Worse yet, it doesn't look like it's going to get any better. Of course, there's already a long tradition in having all the Spider-Man titles intertwine as well as all the X-Men books intermesh. (Though surprisingly not Astonishing X-Men, which, tellingly, may be the best of the lot.)

Yet now, instead of continuing with the aforementioned New Avengers-to-House of M-to-"Decimation" chain of Events, Marvel is breaking into a slate of true mini-events all across its publishing line! Annihilation, "Planet Hulk," and Civil War, to name just three. Why are they embracing a plan that seems to purposefully make them appear second-rate to DC? Are they just playing for scraps? (Shades of the hasty Identity Disc in the face of DC's stronger Identity Crisis, my friends.)

In all fairness, perhaps the problem isn't Marvel.
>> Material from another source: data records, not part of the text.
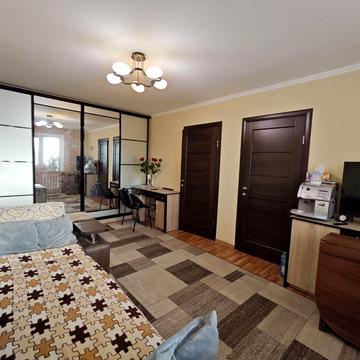 Академіка Янгеля пров. (Фрунзе), 46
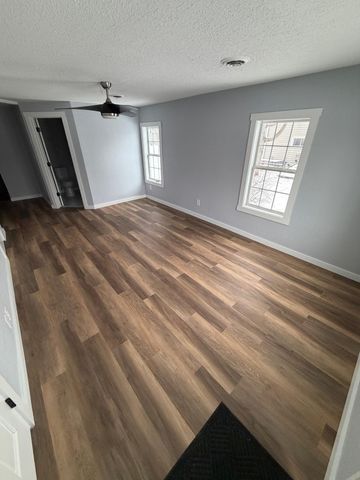 820 S Sixth Street S, Lake City, MN 55041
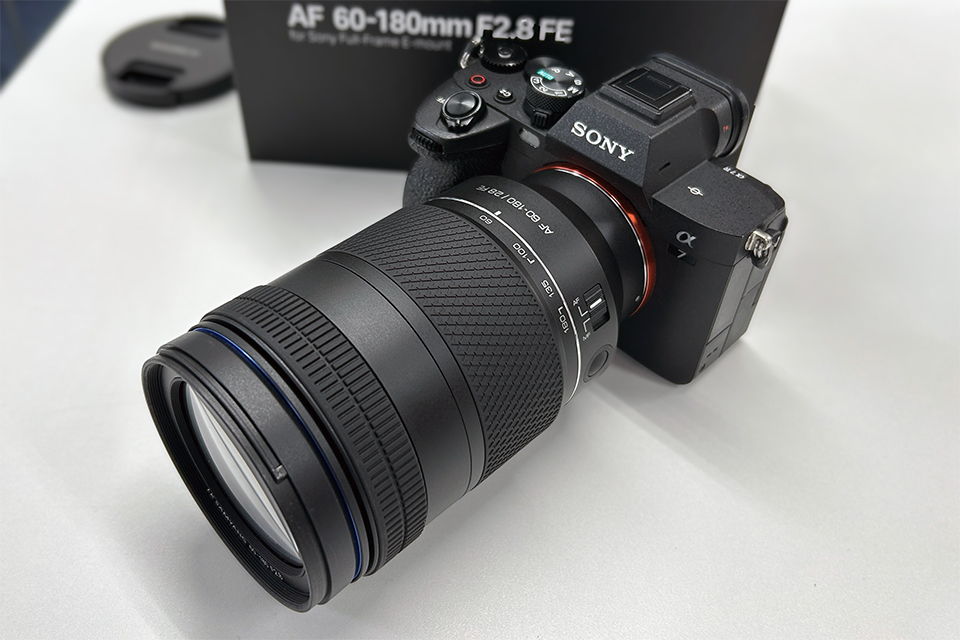 SAMYANG AF 60-180mm F2.8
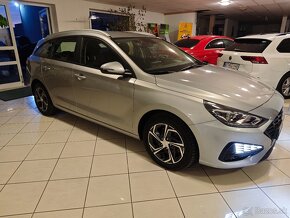 Hyundai i30 kombi 1.6crdi AUTOMAT v záruke - 8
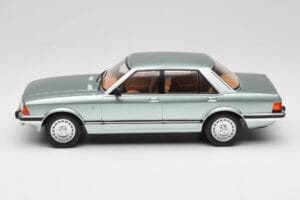 Ford Granada Mk2 2.8 Ghia Light Green Metallic MCG 1:18 MCG18535 Diecast - image 3 of 6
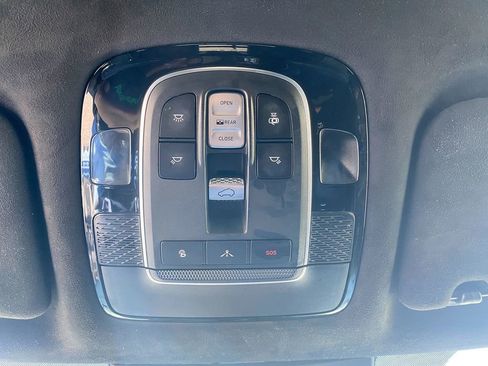 Used 2020 Hyundai Palisade Limited image 23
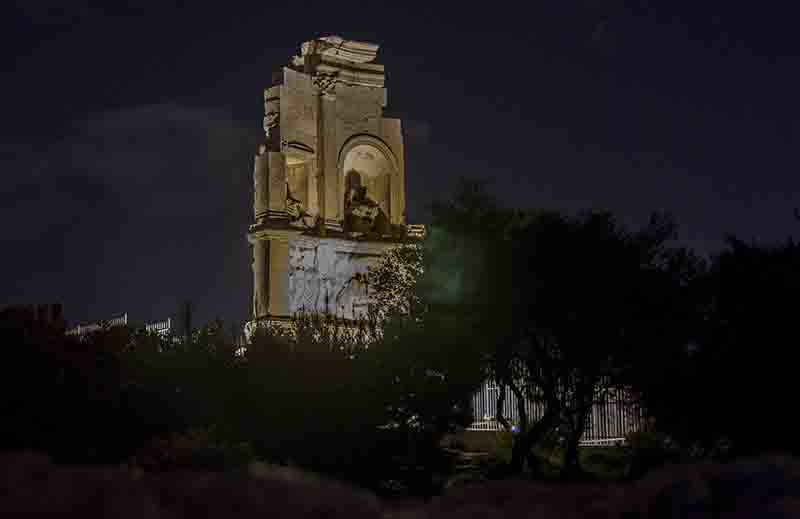 107 - Grecia - Atenas - monumento a Filopappos - imagen nocturna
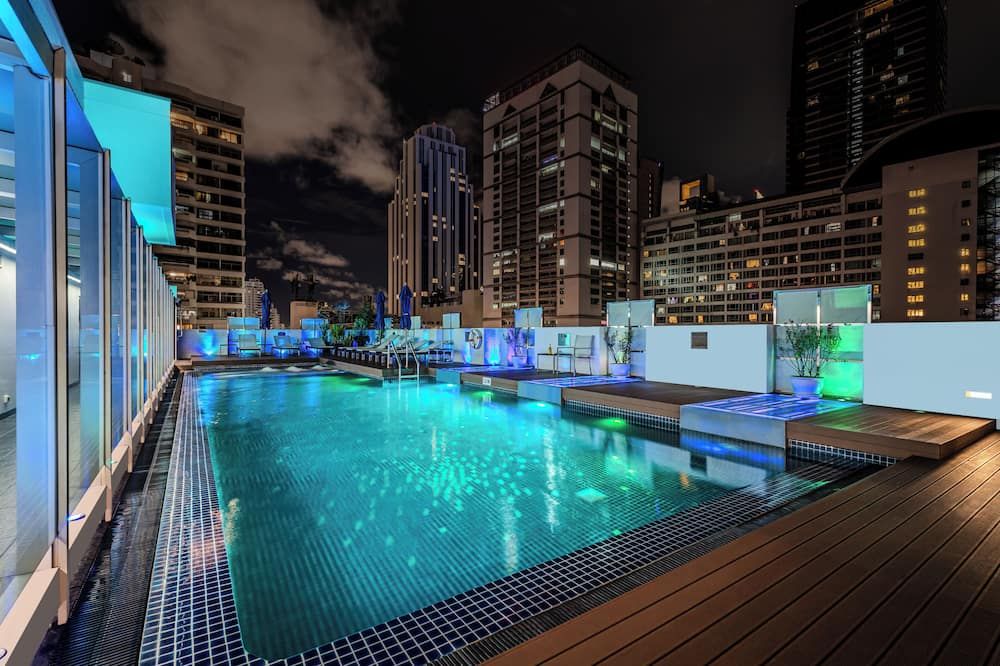 حوض السباحة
Maybe their marketing and promotion is the problem: Is DC's Infinite Crisis ramp-up and impact just getting bigger, better play in the media? Or, maybe Marvel does have a master plan to connect all these disparate storylines -- having the Winter Soldier appear instantly in Wolverine's backstory was pretty good -- and they're just not trumpeting it as loudly as 52. And maybe these mini-events will, in fact, be both very satisfying and very digestable, especially when compared to the massive plate of "One Year Later."

But I'm skeptical. The overall storytelling and implementation of all Infinite's branches has, in my opinion, been superb; with the exception of "No more mutants," Marvel's been continually playing catch-up. Which is a shame. Really, Marvel has as much talent with their art and storytelling as DC's posse -- If only they'd stop playing defense, stop arranging what seem to be reactionary events, and break off in their own direction.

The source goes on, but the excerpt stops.